This is not a major criticism, Churchland said, and could likely be worked into the hypothesis quite gracefully.

“I am very impressed with the degree of detail in the paper, and how carefully they consider possible weaknesses,” Churchland said. “I may be wrong, but I tend to see this as a milestone.”

Data scientist Herbert Roitblat challenged the paper’s position that simple learning mechanisms and trial-and-error experience are enough to develop the abilities associated with intelligence. Roitblat argued that the theories presented in the paper face several challenges when it comes to implementing them in real life.

“If there are no time constraints, then trial and error learning might be enough, but otherwise we have the problem of an infinite number of monkeys typing for an infinite amount of time,” Roitblat said.

The infinite monkey theorem states that a monkey hitting random keys on a typewriter for an infinite amount of time may eventually type any given text.

Roitblat is the author of Algorithms are Not Enough, in which he explains why all current AI algorithms, including reinforcement learning, require careful formulation of the problem and representations created by humans.

“Once the model and its intrinsic representation are set up, optimization or reinforcement could guide its evolution, but that does not mean that reinforcement is enough,” Roitblat said.

In the same vein, Roitblat added that the paper does not make any suggestions on how the reward, actions, and other elements of reinforcement learning are defined.

“Reinforcement learning assumes that the agent has a finite set of potential actions.
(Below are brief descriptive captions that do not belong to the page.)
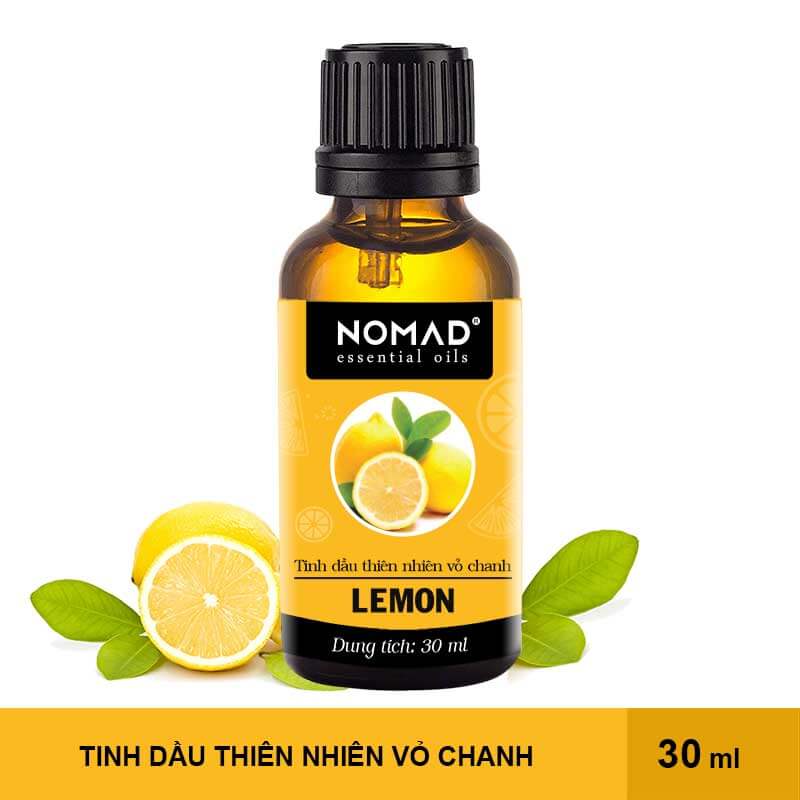 Tinh Dầu Vỏ Chanh Nguyên Chất Nomad Essential Oils Lemon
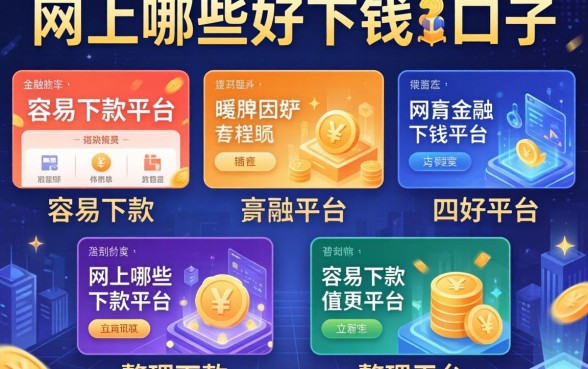 网上哪些好下钱的口子，整理五个容易下款的平台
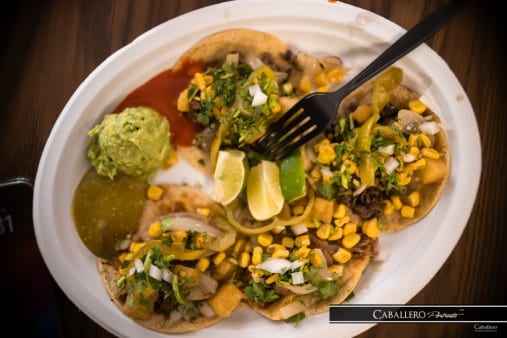 15 Tacos, 4 Churros, 4 Can Soda; Family Package.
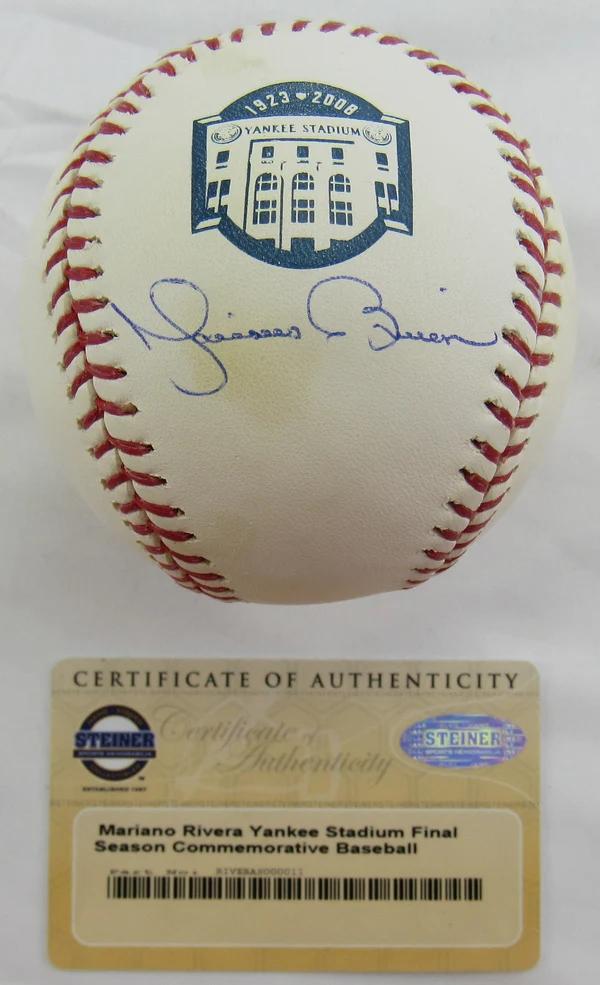 Mariano Rivera Signed OML Yankee Stadium Logo Baseball (Steiner) at PristineAuction.com Mariano Rivera Signed OML Yankee Stadium Logo Baseball (Steiner) at PristineAuction.com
A reward signal and value function have been specified. In other words, the problem of general intelligence is precisely to contribute those things that reinforcement learning requires as a pre-requisite,” Roitblat said. “So, if machine learning can all be reduced to some form of optimization to maximize some evaluative measure, then it must be true that reinforcement learning is relevant, but it is not very explanatory.”

This article was originally published by Ben Dickson on TechTalks, a publication that examines trends in technology, how they affect the way we live and do business, and the problems they solve. But we also discuss the evil side of technology, the darker implications of new tech, and what we need to look out for. You can read the original article here.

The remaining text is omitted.